В китайской афористике мы обнаружим и невозмутимые рефлексии, и словесные слепки чувства, и даже проповедь по-ницшевски беспощадного самоотречения. Но мы не найдем в ней исторической типологии афоризма, сходной с европейской. Афористика в Китае существовала по законам традиции, которая вмещала в себя все формы отношения мысли к немыслимому, прихотливой игры смысла, ибо основывалась на уже известном нам принципе экономии выражения: чем меньше область объективированной осмысленности, тем больше простора высвобождается для доконцептуального смысла бытийственной пустоты.

Этот принцип, кстати, характерен и для классической китайской живописи с ее тенденцией использовать в качестве выразительного средства само отсутствие изображения и сводить образы к экспрессивной детали, в конечном же счете – номенклатуре типических форм, что также делало занятие живописью прежде всего школой. Э. Гомбрих говорил в этой связи о принципе «экрана». Надо помнить, однако, что в данном случае не просто экранируется та или иная вещь, но устанавливается самоустраняющееся присутствие Великой Пустоты.
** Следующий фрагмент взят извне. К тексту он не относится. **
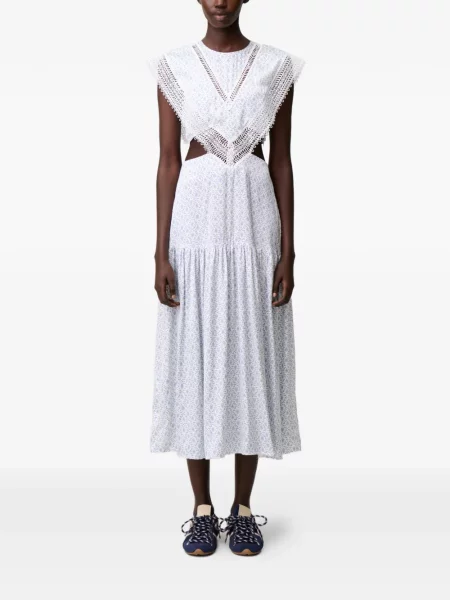 Sukienka koronkowa Claudie Pierlot koronkowa biała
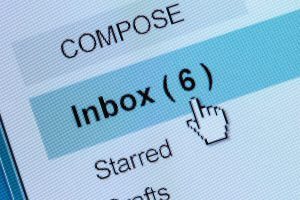 Email Menu showing inbox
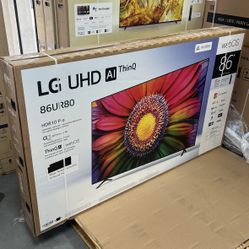 LG 86” UR8000 4K HDR 120 HZ Smart Tv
Таким образом, все означенное в традиционном китайском афоризме (и, шире, во всей традиционной словесности и искусстве Китая) не имело статуса натуралистически-правдоподобного образа действительности. Оно выражало, по сути, тенденцию к сжатию, типизации реалистических образов и находило свое завершение (точнее было бы сказать, теряло себя) в ускользающем нюансе, в бесконечном богатстве разнообразия, чем и является на самом деле предельность бытия. Самопотеря образа в нюансе рассматривалась в китайской традиции как способ явления Великой Пустоты, как прообраз первозданного Хаоса, смешения всего и вся в «великом единстве» дао. Реальность, по китайским понятиям, всегда включает в себя «другое», она есть по существу событие, или переход в инобытие. Это переход, никуда не ведущий, но в действительности возвращающий к истоку всех событий. В его свете опытный и умопостигаемый мир предстает эхом звука, отблеском света, образом в зеркале. Или, если вновь воспользоваться образом Ницше, «копией утраченного оригинала». Так в китайской мысли обосновывалась недвойственность явленного и скрытого, познанного и незнаемого, путей человеческих и Великого Пути мироздания.

Теперь мы можем оценить значение декоративных качеств, присущих афористическому высказыванию. Свести реальность к нюансу, к характерному штриху – значит вытеснить значимое сообщение в область орнаментации, эвфемизма или, по терминологии Шпенглера, табу. Но в универсальном нюансе, каковым является бытие дао, исчезает оппозиция внешнего и внутреннего, декора и содержания. Не оттого ли афоризм в старом Китае – это одновременно и жестко заданная форма, норма мышления и словесности, и вместе с тем откровение, ломающее все мыслительные привычки и правила, обнажающее Безусловное?

В китайской мысли это хаотическое всеединство Великого Пути относится одновременно к природе и культурному творчеству. Общей основой того и другого является конкретный и текучий характер бытия, бытие как событийность. (См.: Малявин В. В. Сумерки дао: Китайская культура на пороге Нового времени. М., 2000.)

Многозначительная недосказанность афористического высказывания не столько сообщает о чем-то, сколько сообщает с иным взглядом на вещи и в конечном счете – с чем-то «всегда другим». Как фрагмент, афоризм ценен и значим лишь в его соотнесенности с целым, со средой, его породившей. Мы не поймем значения категории предела в афористической словесности до тех пор, пока будем думать, что афоризм служит лишь самовыражению его автора. Действительная основа афоризма – сотворчество в обыгрывании неизреченной темы, что не только не исключает, но предполагает свободу проявлений индивидуальности. «Искусственная самостоятельность» афоризма имеет своей основой отклик мысли немыслимому, недоступному формализации условию диалога. Она подобна условно выбранной позиции собеседника в споре. Она сродни той необычайности, непохожести на нас, которую мы ценим в наших друзьях.